# Toddler leaning head back in ergo/neck strain?



## seeking_peace (Feb 19, 2007)

It was raining today so I put my 18 month old in the ergo and walked the track at the Y. As I was going past the windows I noticed that she was leaning her head completely back looking up at the skylights and it seemed to be pretty jarring to her neck as she bounced.

One of the trainers at the Y actually came over to make sure I knew that she was leaning back like that (I think they thought she was a bit younger and just didn't have the head/neck control).

So I switched her around to the front and she snoozed (I think part of the problem was that she was tired).

It is so much more comfortable to have her on the back than on the front, so I'd rather walk that way.

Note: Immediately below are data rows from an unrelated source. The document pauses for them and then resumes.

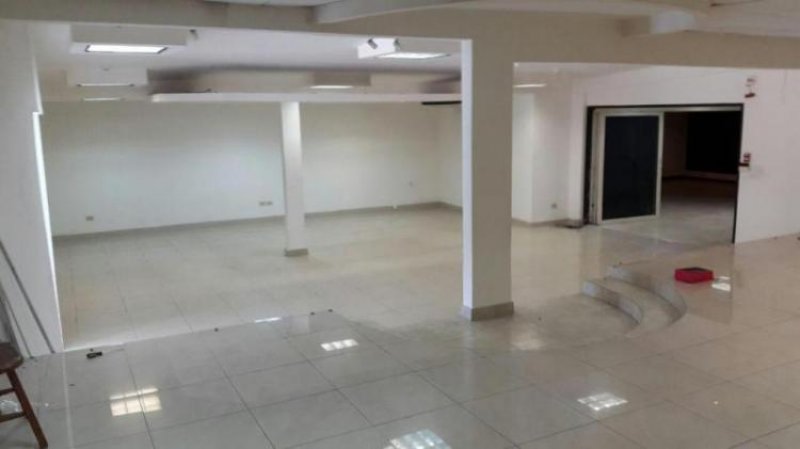 Foto Local en Alquiler en Ciudad de Panamá, Panamá - U$D 8.500 - LOA11269 - BienesOnLine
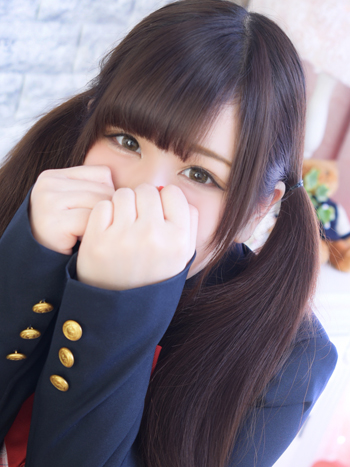 みお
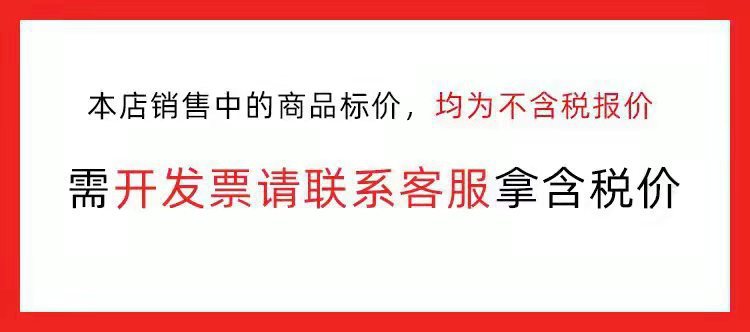 欧美跨境热销跳动的心爱心耳坠_20220322013846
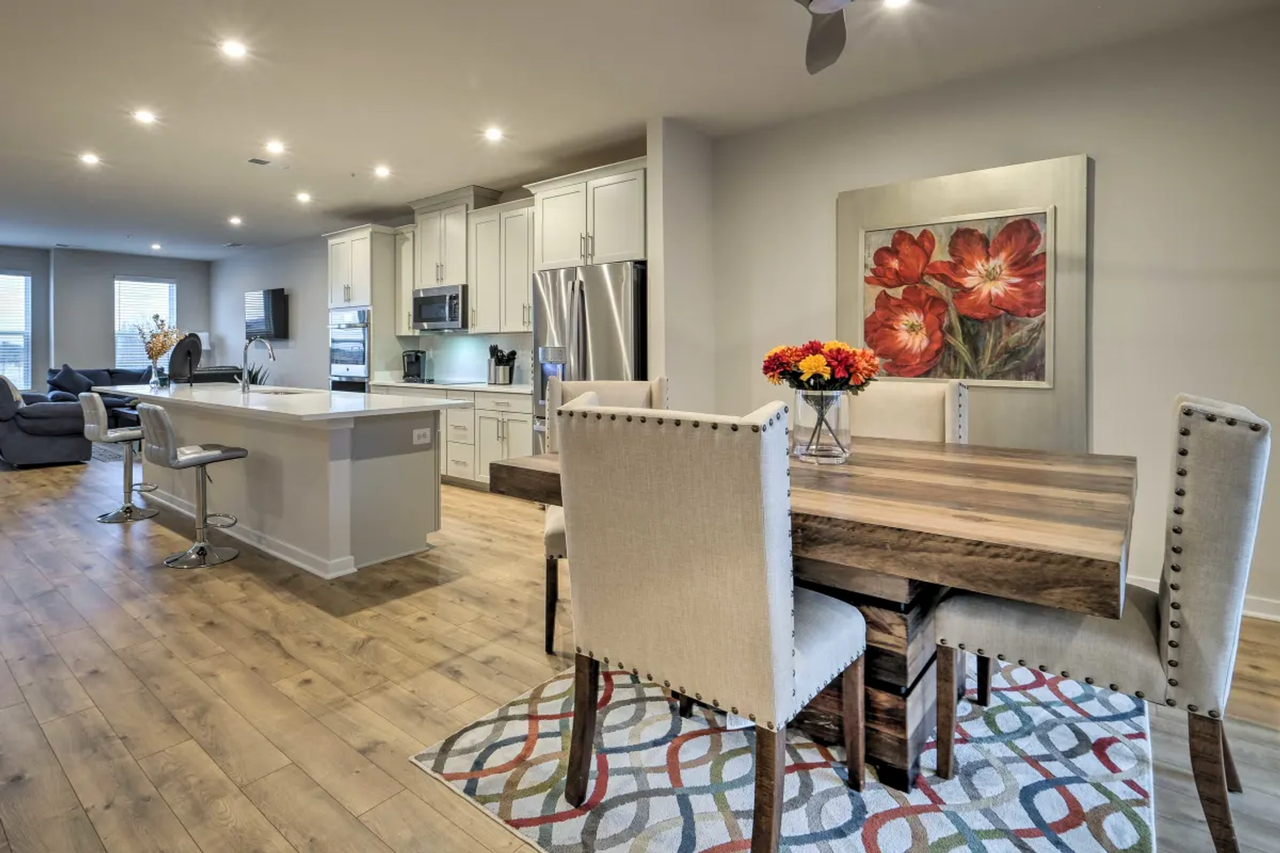 44579 Wolfhound Sq - Photo 3 of 23
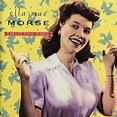 Ella Mae Morse - Capitol Collectors Series (1992, CD) | Discogs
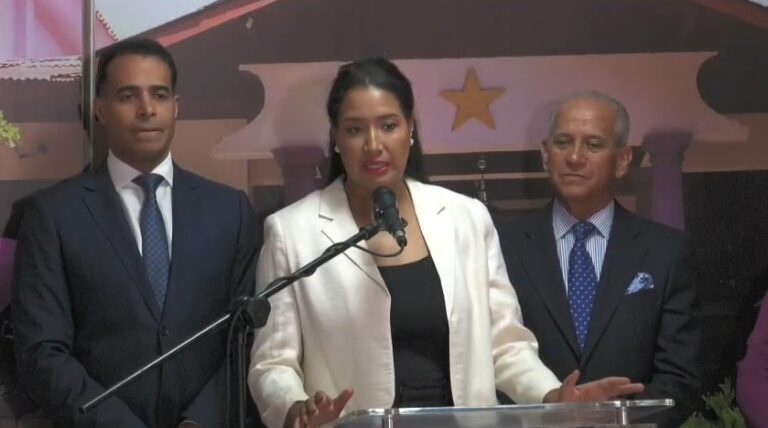 PLD pide investigar actuaciones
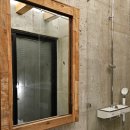 W181오션스테이 이미지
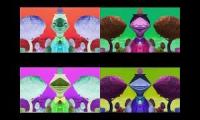 Thumbnail of 4 mine song effects No.51 (Blind Edition)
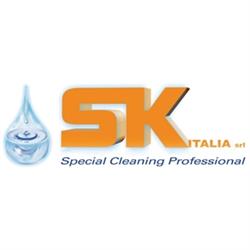Sk Italia
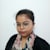 Sushma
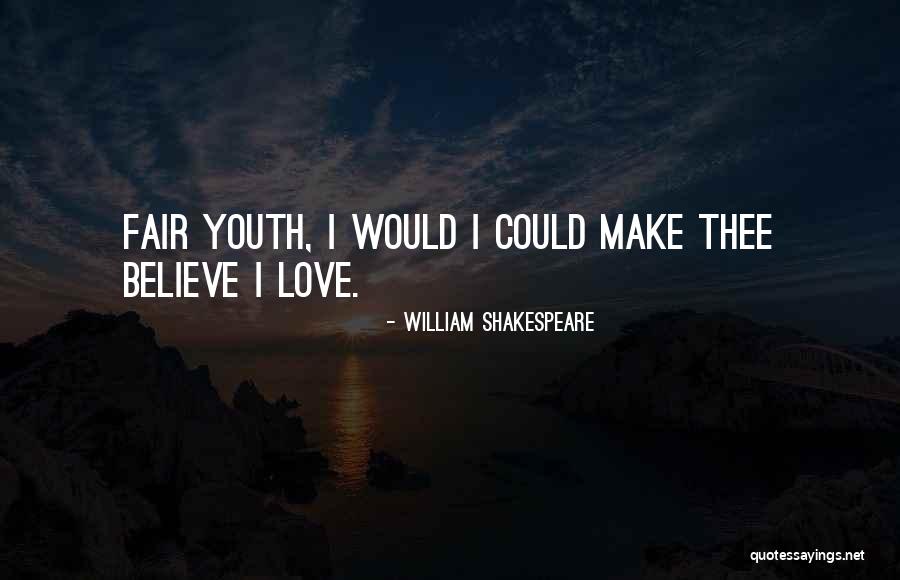Precapitalist Quotes By William Shakespeare Precapitalist Quotes By William Shakespeare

Does anyone else have a toddler that doest his? I hate to put the head support up while she is awake because it just seems to piss her off, but I don't want her neck to get all out of whack either.


----------



## Quirky (Jun 18, 2002)

Hmmm, I think that if it hurts her she probably won't do it....babies are pretty flexible and can sleep in some strange positions without seeming to come to harm. I often think that the Ergo hood is more about adults not being comfortable seeing a baby's head flopped back than for the baby's comfort. I've seen a lot of pictures of short-bodied traditional mei tais where the babies' heads are hanging backwards when they sleep, and that's just how they get carried.

Do you have the shoulder straps snugged down so that your baby is tight against your body? If so, you know she's getting good body support and isn't just flopping backwards because there's too much room in the carrier.


----------



## subrosa (Aug 1, 2006)

my 21-month-old does this frequesntly; I think she just likes checking out what's above her, since she also does it ouside the Ergo.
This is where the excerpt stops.